I wake up, about two seconds before my alarm clock blares, obnoxiously announcing that it’s 6:30. I always wake up right at 6:30, my body’s been conditioned to, but I set an alarm every night, just in case. Better safe than sorry, which, in this case, means dead.
I shower and get dressed in a nondescript black t-shirt and comfortable jeans. Canvas sneakers, also black, top off my anonymous look. In my profession, the more you blend in, the better. I shoulder my backpack, grabbing a cereal bar before I head out the door. I do a last-minute double check on the occupant of the second bedroom; Dionne is still snoring away, which also means she’s still alive. I don’t bother to leave her a note as to where I’m going because if someone were to find it, it could leave us both vulnerable.
I climb into the car and start the engine, which purrs like a content jungle cat. I ease out of the drive way and onto the side street, slowly and following every memorized traffic law my brain can muster. Before I set off, I check my appearance one last time in the rearview mirror: hazel eyes stare back, deep purple circles hanging under them, my long dark hair lays flat on my shoulders, and my expression is grim, as per usual. I’m just your normal teenage girl who reads classic literature, loves Thai food, and kills to live.
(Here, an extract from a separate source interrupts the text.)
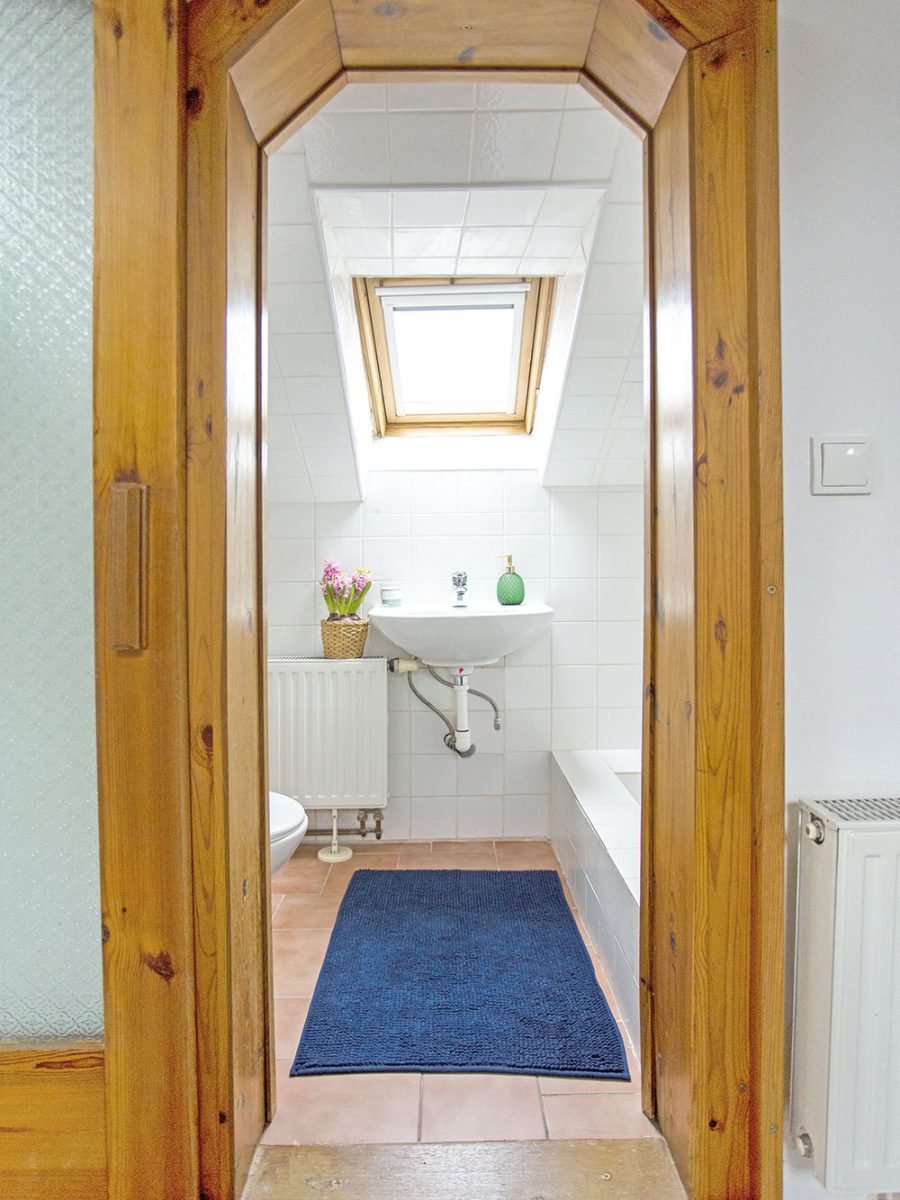 Za dřevěným portálem se ukrývá malá koupelna se sprchovým koutem. foto www.browneyedcouple.com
I am an assassin. I work for an agency, known simply as The Agency, which employs other people like me- loners and orphans, with nowhere left to turn. After my parents were killed, I had to go live with my aunt. Dionne had never been married, much less had kids, and wasn’t too happy when she learned she would have to be “tied down” by becoming my legal guardian. She feeds me and gives me a place to stay when I’m in the States, for now. Sometimes I wonder if I met a better or worse fate than my older brother, Scott, who I haven’t seen in the nine years since our parents died. But that’s another story.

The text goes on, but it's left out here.